The KINECT 2 study assessed the efficacy and safety of valbenazine (NBI-98854), a novel, highly selective vesicular monoamine transporter 2 (VMAT2) inhibitor, in patients with schizophrenia, schizoaffective disorder, and mood disorder with tardive dyskinesia.

In the multicenter trial, patients were randomly assigned to valbenazine or placebo at a 1:1 ratio for 6 weeks. Based on clinical response, the once-daily dose of valbenazine was titrated from 25mg–50mg at Week 2 and from 50mg–75mg at Week 4.

The primary endpoint was change in AIMS score from baseline to Week 6.

“AIMS videos were scored by central raters blinded to treatment arm and study visit sequence,” Dr. Factor reported. Key secondary endpoints included Clinical Global Impression of Change-TD (CGI-TD) and safety.

All patients with at least one post-randomization AIMS assessment were included in the pre-specified efficacy analysis.
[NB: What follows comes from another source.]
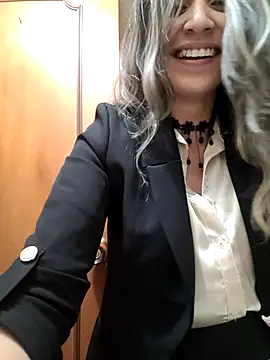 Isabella Varella online show from March 10, 4:25 pm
Among these 89 patients, the primary endpoint showed significant reduction in AIMS favoring valbenazine over placebo (-2.6 vs. -0.2 LS mean change; P=0.0005).

Responder rate, defined as an AIMS reduction of ≥50% from baseline, was 49% for patients treated with valbenazine vs. 18% in the placebo arm (P=0.002).
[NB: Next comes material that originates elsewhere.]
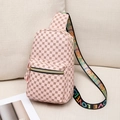 Rosa gepunktete Brusttasche für Damen mit breitem Schultergurt und LOVE-Muster - Rosa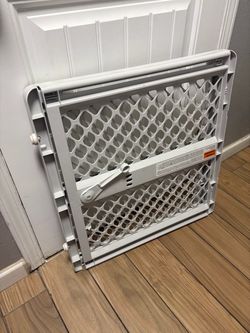 Baby gate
CGI-TD, as assessed by site investigator, showed significant improvement—“much improved” or “very much improved”—with valbenazine, 67%, compared with 16% for placebo (P<0.0001).

No treatment-related serious adverse events were observed, and adverse events were infrequent and included fatigue (5 in the valbenazine arm and 2 in the placebo arm) and headache (5 vs. 2, respectively). A total of 5 patients in each arm discontinued treatment early.